Reverse factorial algorithm

I took a stab at translating the reverse factorial algorithm used in the Factor entry to Java. It should be almost as efficient as taking the factorial itself. <lang java>public static int rf(int n) {

   if (n == 1)
     return 0;

   int a = 1;
   int b = 1;
   while (n > a) {
     b++;
     a = a * b;
   }
   if (a == n)
     return b;
   else return -1; //undefined
 }</lang>

--Chunes (talk) 17:06, 16 March 2021 (UTC)

Note that the   factorial inverse   (or  reverse factorial)   of   unity   has two possible answers:   zero   and   unity.

It is normal when searching a series   (in this case, the series of factorial products)   to use the first match found in the series.     -- Gerard Schildberger (talk) 17:37, 16 March 2021 (UTC)

Good catch.
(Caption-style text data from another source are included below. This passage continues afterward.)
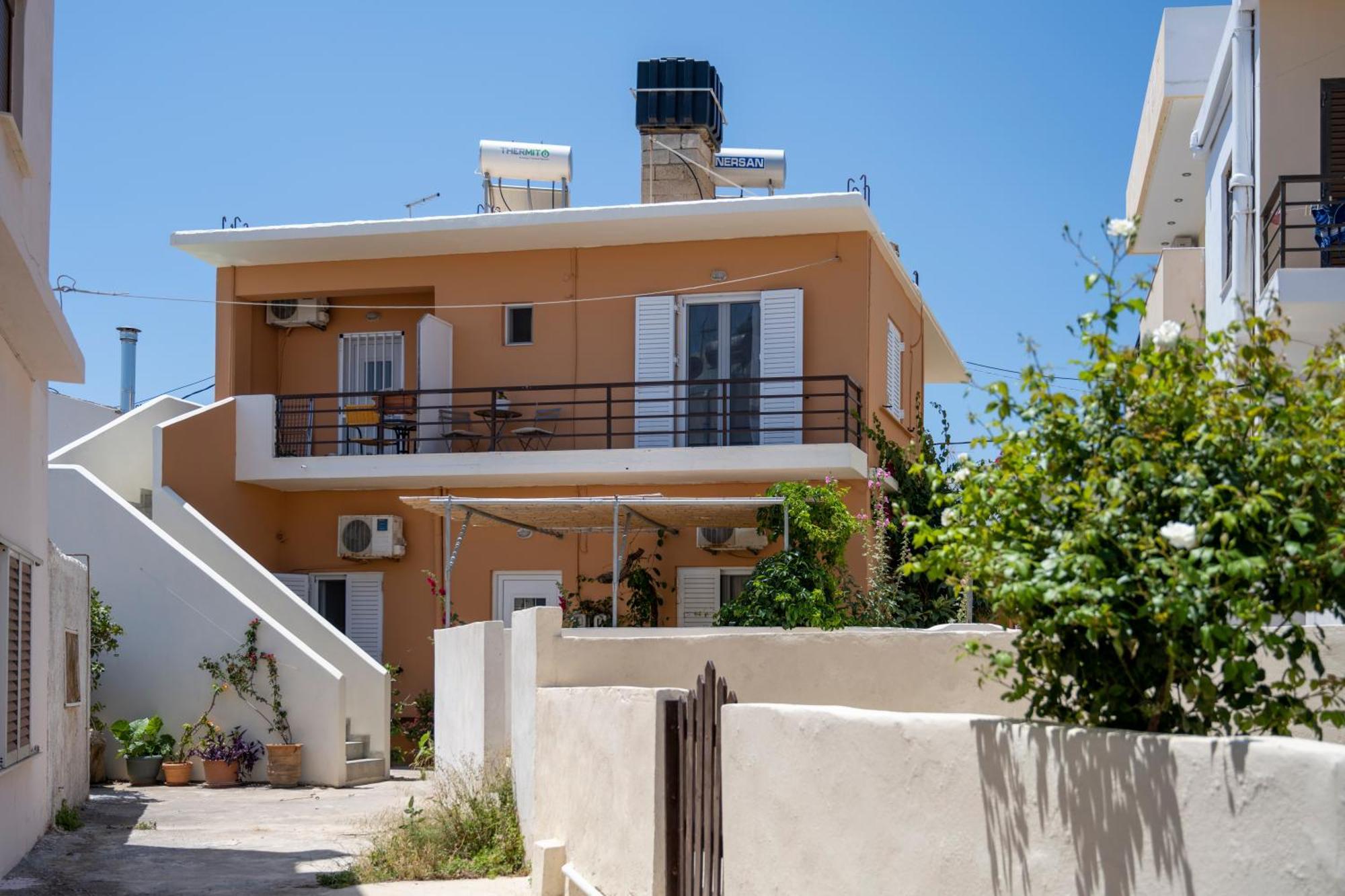 Katerina Rooms & Studios Palekastro Luaran gambar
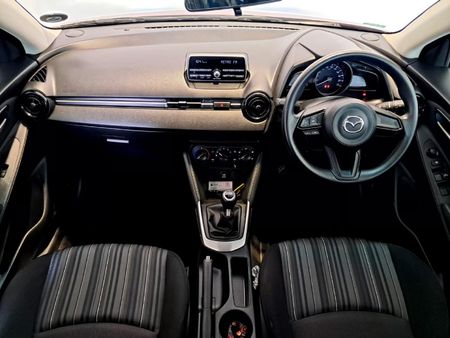2022-Mazda-2-15-Active-5-dr_9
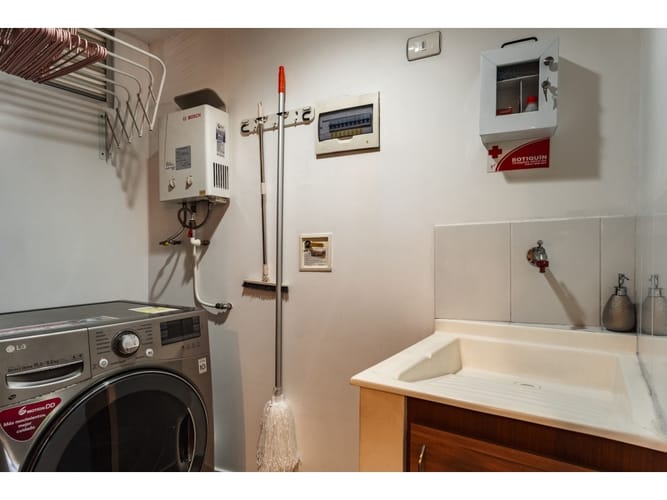 Apartamento de 2 alcobas en arriendo en Loma Del Indio, Medellín, 76 m² · foto 12 de 16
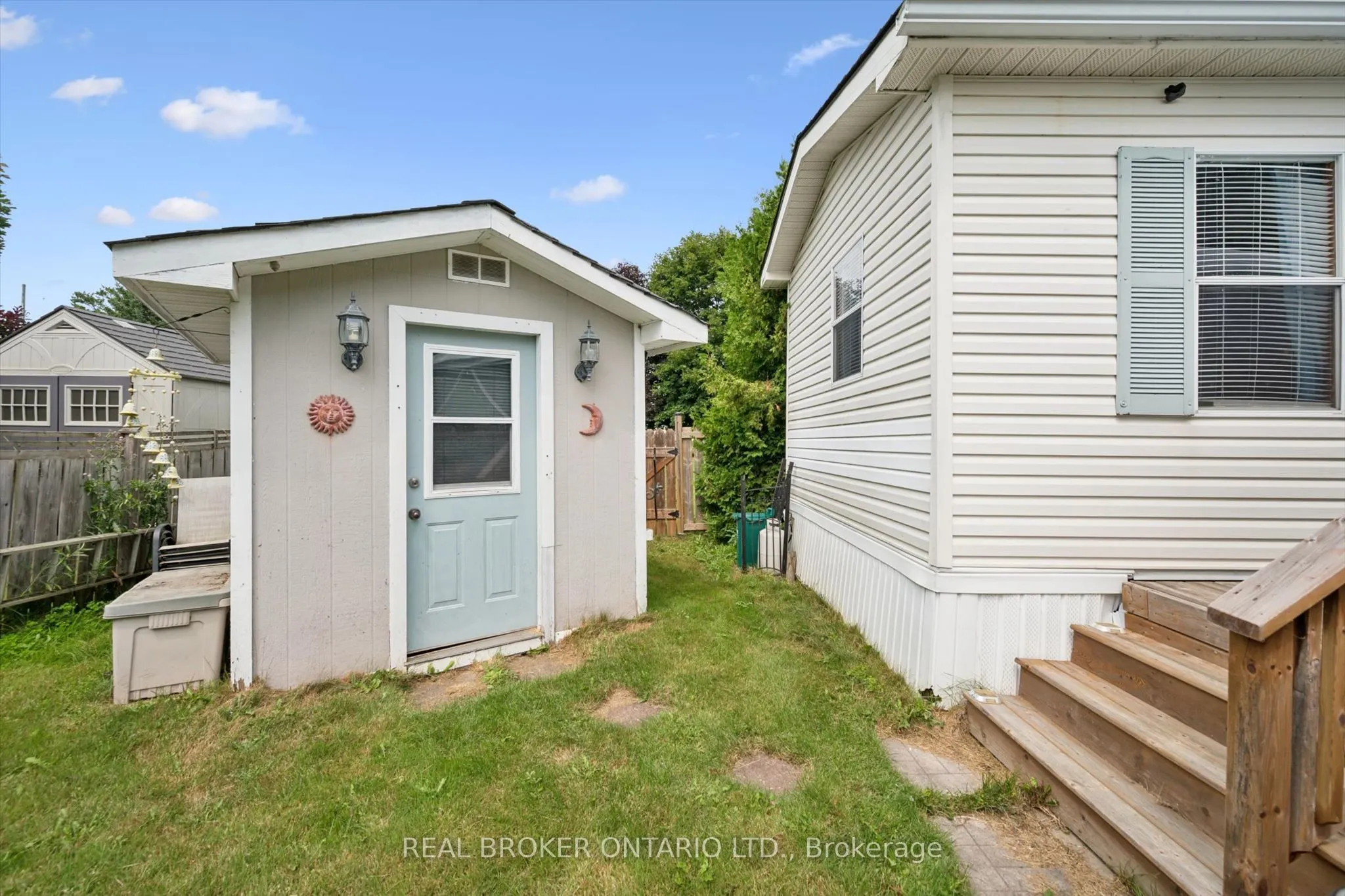 218 Beach Road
I revised the algorithm above and will make a note about it in the task description. --Chunes (talk) 17:58, 16 March 2021 (UTC)

Why is af(0) 0?

Is it that 0 is the additive identity the way that factorial of 0 is 1 is the multiplicative identity? If so why should it be the identity anyway?

I think it's just that the formula literally produces 0 for n = 0.

First run through, i is 1, this produces -1. Second run through, i is 0, this produces 1 and their sum is 0. --Chunes (talk) 17:36, 16 March 2021 (UTC)